(Short text fragments from websites)

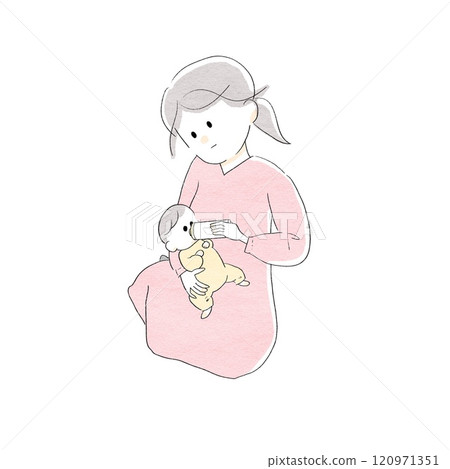 A woman sitting and feeding her baby 120971351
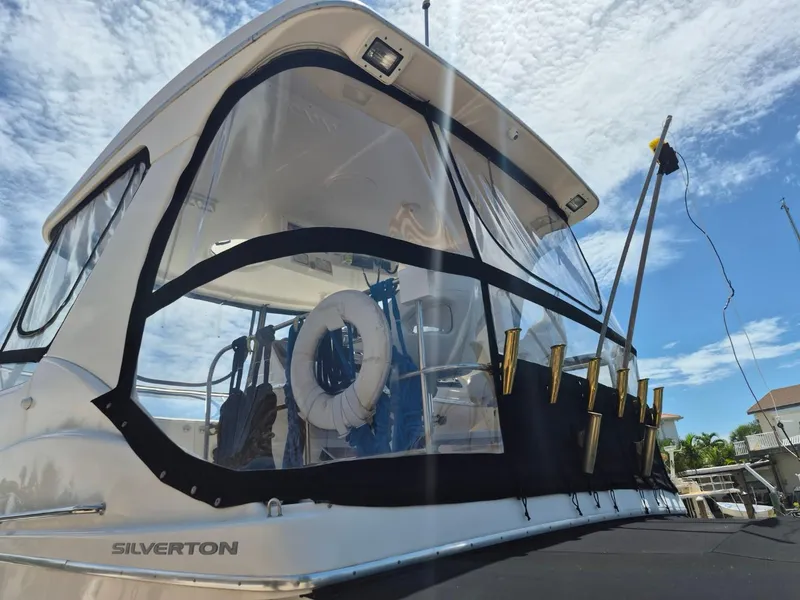 Slide: The Image of 2002 Silverton 38 Convertible boat with clear enclosure and fishing rod holders. - 7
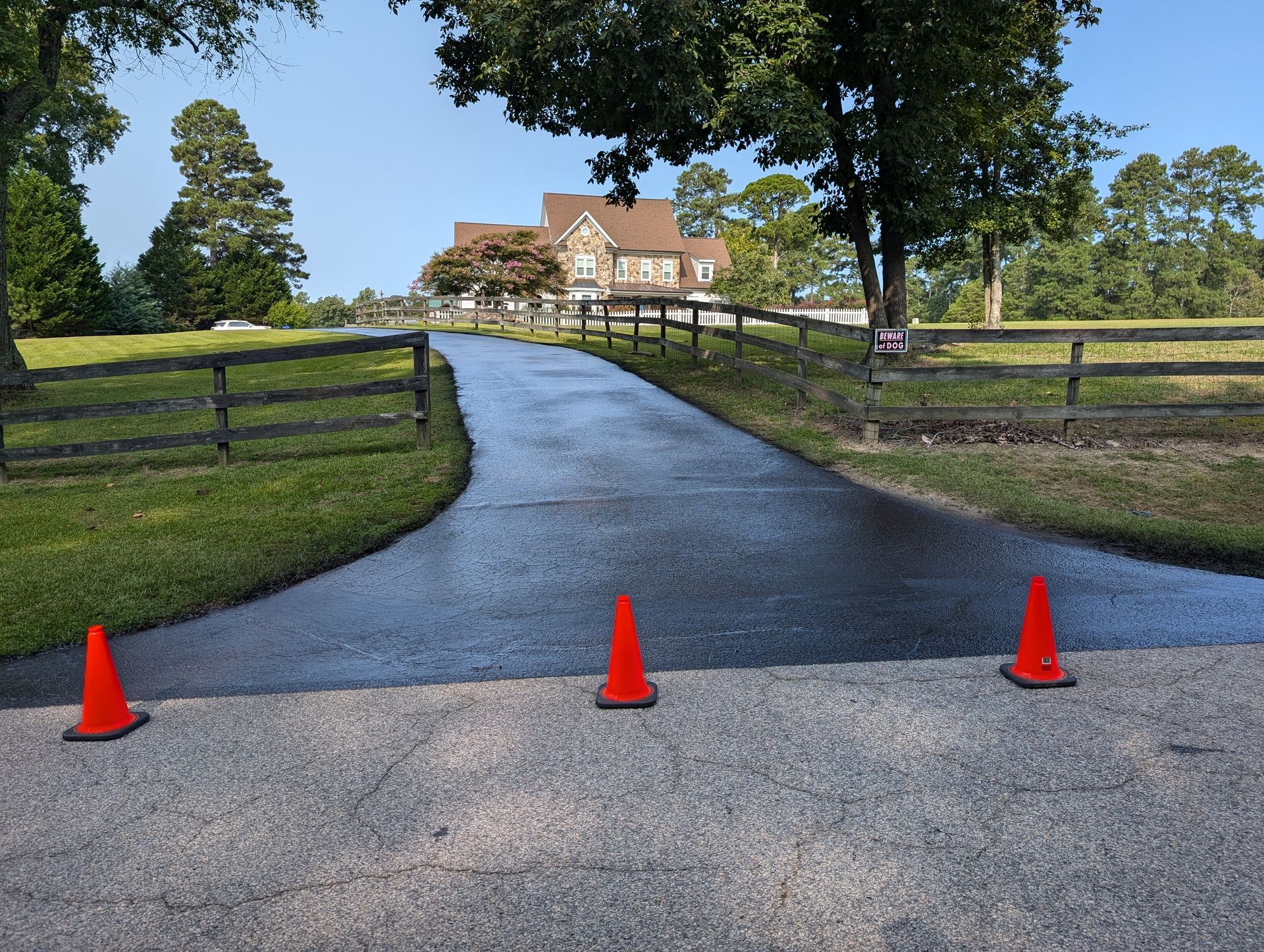 Beautiful, freshly sealcoated driveway by Tier One Asphalt & Sealcoating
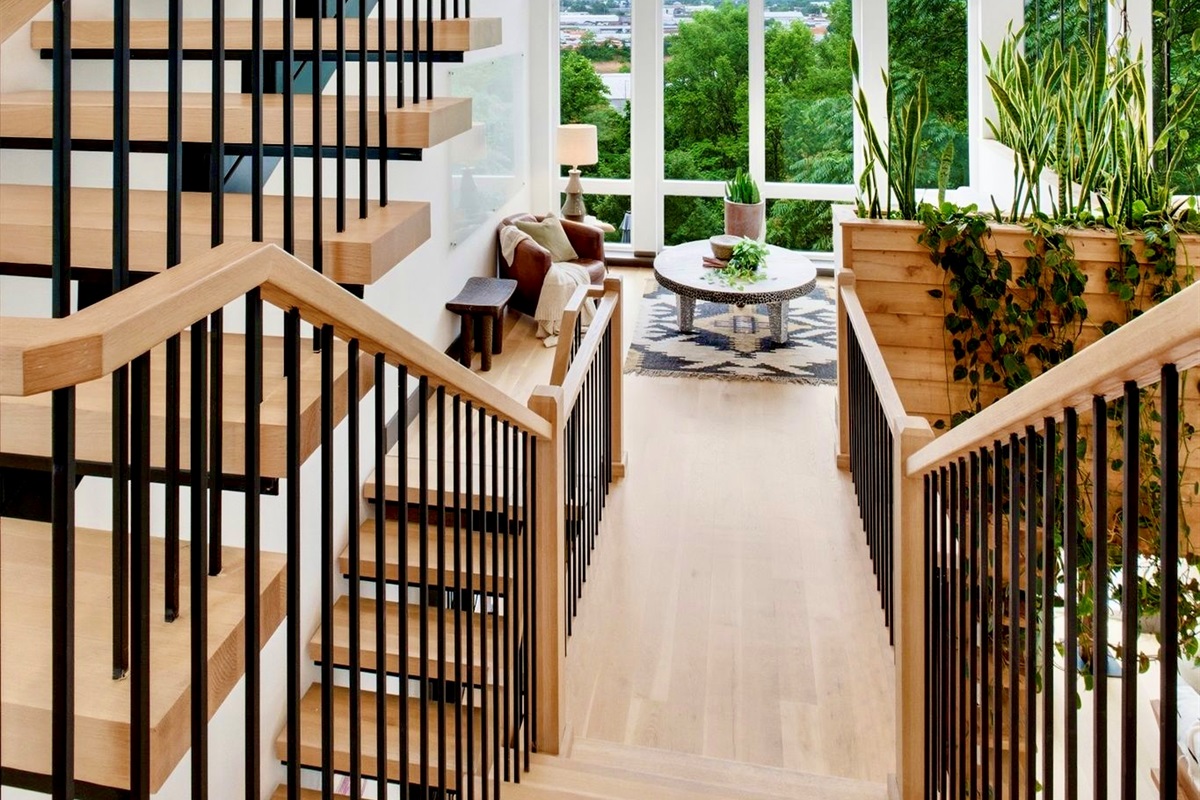 Sleek open staircase w/ wood treads & black railings — sculptural details at every turn.
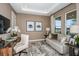 Living room features neutral walls, a decorative rug, and contemporary furnishings at 8516 Golden Dawn Ct, Sarasota, FL 34241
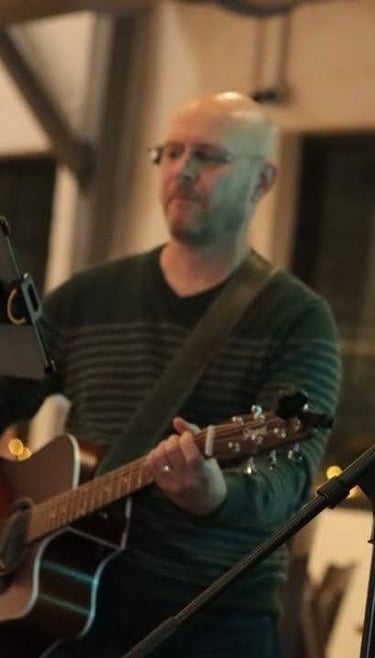 William Finn from Finn's Echo performing in front of live audience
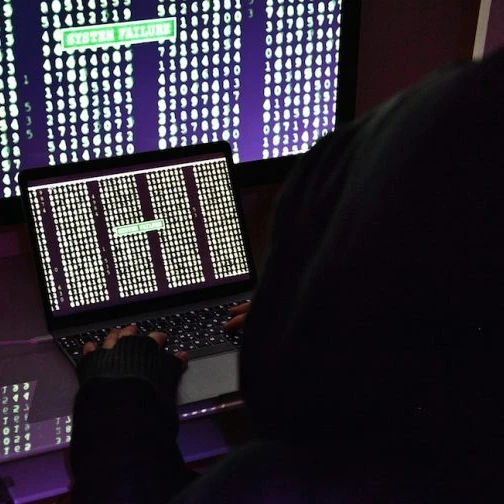 Hacker in a black hoodie sitting in front of two computer screens with lines of code.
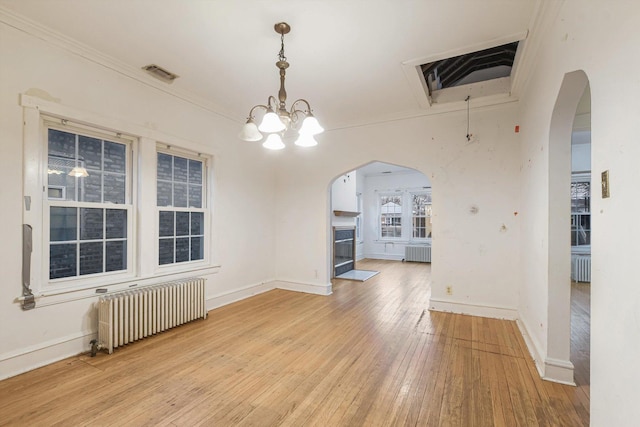 unfurnished dining area featuring arched walkways, visible vents, light wood finished floors, and radiator heating unit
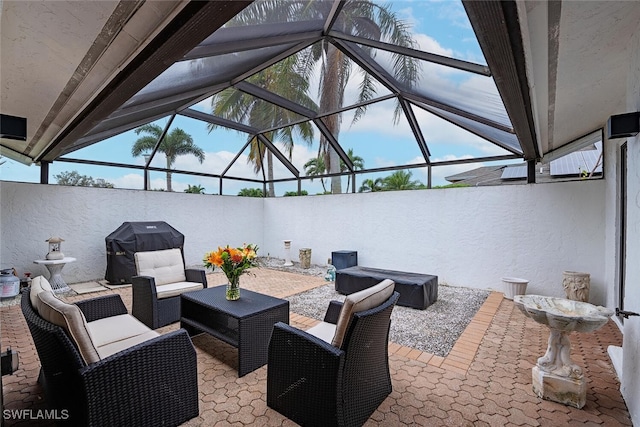 view of patio with a grill, an outdoor living space, and glass enclosure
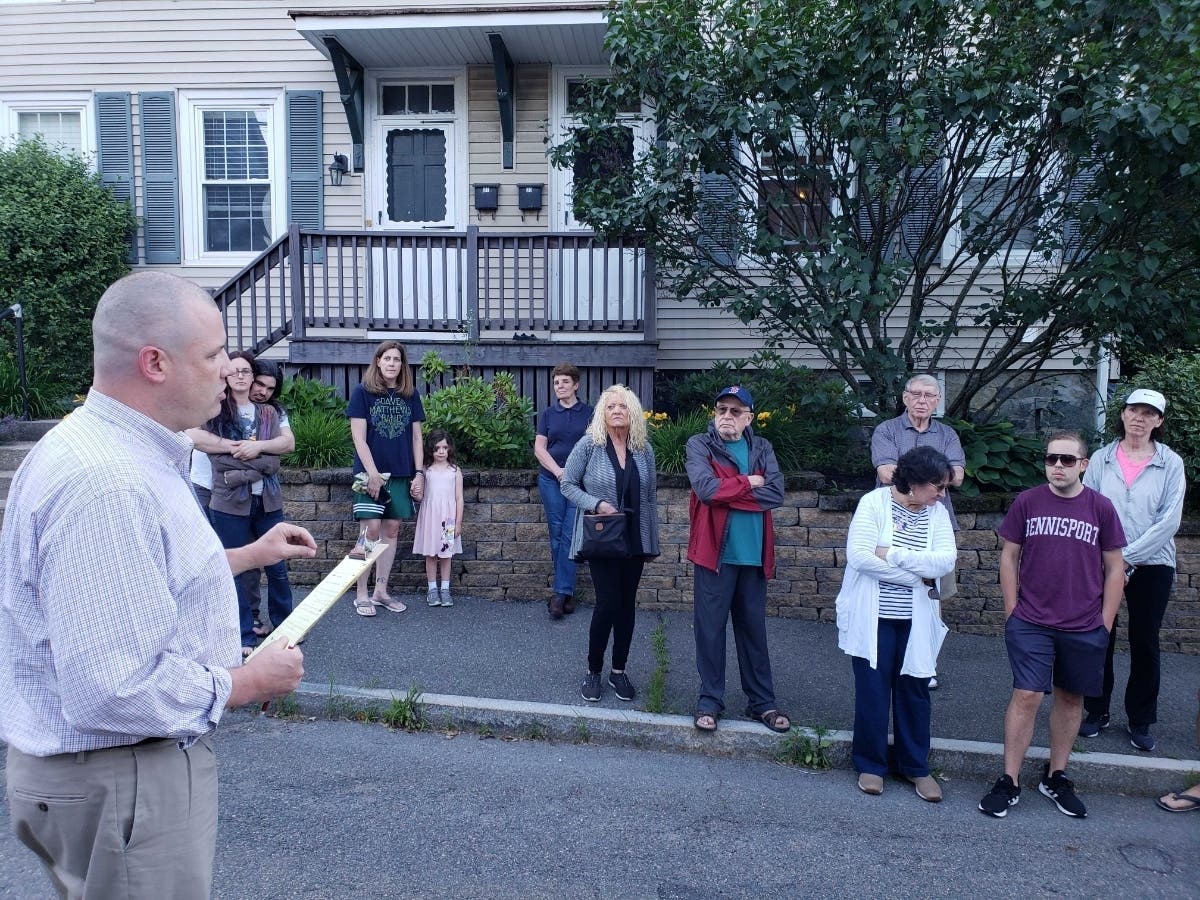 Ward 5 Alderman Shawn MacMaster (left) speaks with residents of Brazil Street upset with the city's response.
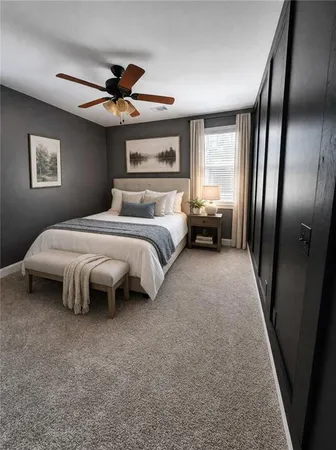 a bedroom with a bed couch and a large window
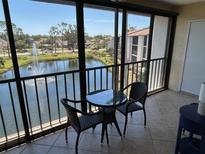Enclosed balcony features a glass table and chairs with serene views of the community lake and fountain at 1154 Bird Bay Way # 303, Venice, FL 34285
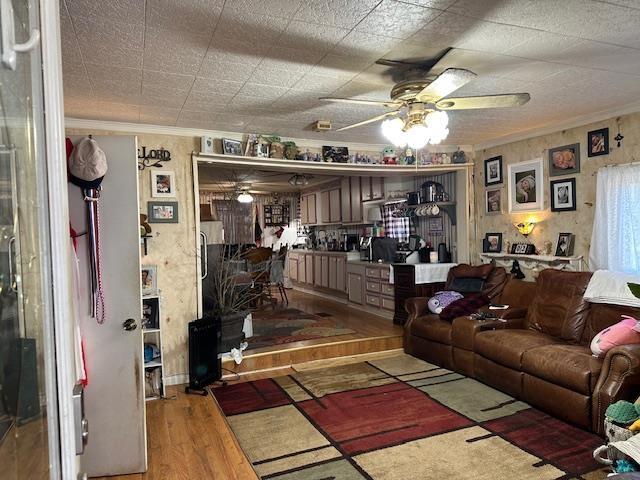 living room with hardwood / wood-style floors, ceiling fan, and ornamental molding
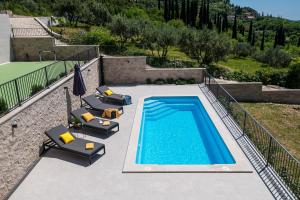 a swimming pool with lounge chairs and an umbrella at Villa Casa de Flores in Dubravka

**Problem to solve**:
Repeat word for word the lines above, from the first entry through the line containing "view of patio", with both ends kept and the pictures dropped.

**Exercise output**:
 A woman sitting and feeding her baby 120971351
 Slide: The Image of 2002 Silverton 38 Convertible boat with clear enclosure and fishing rod holders. - 7
 Beautiful, freshly sealcoated driveway by Tier One Asphalt & Sealcoating
 Sleek open staircase w/ wood treads & black railings — sculptural details at every turn.
 Living room features neutral walls, a decorative rug, and contemporary furnishings at 8516 Golden Dawn Ct, Sarasota, FL 34241
 William Finn from Finn's Echo performing in front of live audience
 Hacker in a black hoodie sitting in front of two computer screens with lines of code.
 unfurnished dining area featuring arched walkways, visible vents, light wood finished floors, and radiator heating unit
 view of patio with a grill, an outdoor living space, and glass enclosure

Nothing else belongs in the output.